AINOnline [Recipe Request]

Samdiggly · 06-09-2019, 02:31 PM

Hello all,
First time posting here.
I am looking for a recipe to be created for https://www.ainonline.com/.
I would do it myself but I have no experience at all in this sector.
Thanks

lui1 · 06-10-2019, 07:03 PM

Hello Samdiggly,

This downloads the articles displayed on the homepage.

Recipe for AINOnline:

Code:

#!/usr/bin/env python2
# vim:fileencoding=utf-8
# License: GPLv3 Copyright: 2019, Jose Ortiz <jlortiz84 at gmail.com>

from __future__ import (unicode_literals, division, absolute_import,
                        print_function)
from calibre.web.feeds.recipes import BasicNewsRecipe


INDEX = 'https://www.ainonline.com/'


def absurl(url):
    if url.startswith('/'):
        url = INDEX + url[1:]
    return url


def classes(classes):
    q = frozenset(classes.split(' '))
    return dict(attrs={
        'class': lambda x: x and frozenset(x.split()).intersection(q)})
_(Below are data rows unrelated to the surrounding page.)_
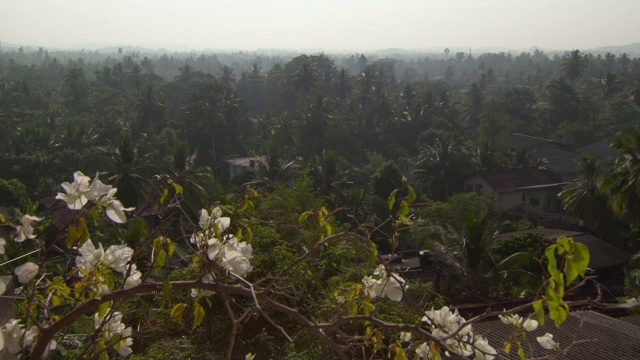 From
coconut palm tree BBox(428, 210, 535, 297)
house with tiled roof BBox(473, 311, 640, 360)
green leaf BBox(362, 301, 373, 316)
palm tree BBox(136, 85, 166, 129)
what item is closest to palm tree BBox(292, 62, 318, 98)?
palm tree BBox(136, 85, 166, 129)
class AINOnline(BasicNewsRecipe):
    title = 'Aviation International News'
    __author__ = 'Jose Ortiz'
    description = ('Aviation International News covers all sectors of the aviation'
                   ' industry, from business aviation to air transport to defense and'
                   ' unmanned aerial vehicles.')
    language = 'en'
    encoding = 'utf-8'
    no_stylesheets = True
    remove_javascript = True
    masthead_url = 'https://www.ainonline.com/sites/ainonline.com/themes/ain30/images/ainlogo-small.jpg'
    keep_only_tags=[classes('main-content')]
    remove_tags = [
        dict(name=['button','input']),
        dict(attrs={'class': lambda x: x and 'comments' in x})
    ]

    def parse_index(self):

        soup = self.index_to_soup(INDEX)

        # css selectors for articles
        #     .view-content [class *= 'featured-story']
        #     .view-content .views-row
        article_attrs = {
            'class': lambda x: x and (
                'featured-story' in x
                or {'views-row'}.intersection(x.split()))}

        ans = []

        for section in soup.findAll(**classes('view-content')):

            if section.findParent(
                    attrs=dict(id='featured')) is not None:
                current_section = 'Featured'
            elif section.findParent(
                    attrs=dict(
                        id='home-top-stories')) is not None:
                current_section = 'Top Stories'
            elif section.findParent(
                    attrs=dict(
                        id='quicktabs-container-latest_trending'
                    )) is not None:
                current_section = 'Latest/Trending'
            else:
                current_section = 'Articles'

            articles = []
            for div in section.findAll(attrs=article_attrs):
                if {'views-row'}.intersection(div['class'].split()):
                    a = div.find(**classes('title')).a
                elif 'featured-story' in div['class']:
                    a = div.find(
                        lambda tag: tag.name == 'a'
                        and tag.find(['h1','h2','h3','h4','h5','h6'])
                        is not None)
                title = self.tag_to_string(a)
                url = absurl(a['href'])
                desc = ''
                r = div.find(**classes('teaser'))
                if r is not None:
                    desc = self.tag_to_string(r)
                articles.append(
                    {'title': title, 'url': url, 'description': desc})
            if articles:
                for title, articles_  in ans:
                    if current_section == title:
                        articles_.extend(articles)
                        break
                else:
                    ans.append((current_section, articles))

        return ans

duluoz · 06-11-2019, 07:15 AM

Quote:

Originally Posted by lui1

Hello Samdiggly,

This downloads the articles displayed on the homepage.

Hi lui1,

When using this recipe with ebook-convert I get an error message from line 75 saying:

Code:

'list' object has no attribute 'split'

Any ideas why this could be?

Thanks again

lui1 · 06-11-2019, 04:58 PM

Quote:

Originally Posted by duluoz

Hi lui1,

When using this recipe with ebook-convert I get an error message from line 75 saying:

Code:

'list' object has no attribute 'split'

Any ideas why this could be?

Thanks again

I don't know why you are getting that error message, but I'm using calibre
version 3.39.1 and the recipe works fine for me. What version are you
using?

Anyways, I made a few changes to it so that it looks more consistent, but it's
practically the same recipe. Maybe it will solve the problem.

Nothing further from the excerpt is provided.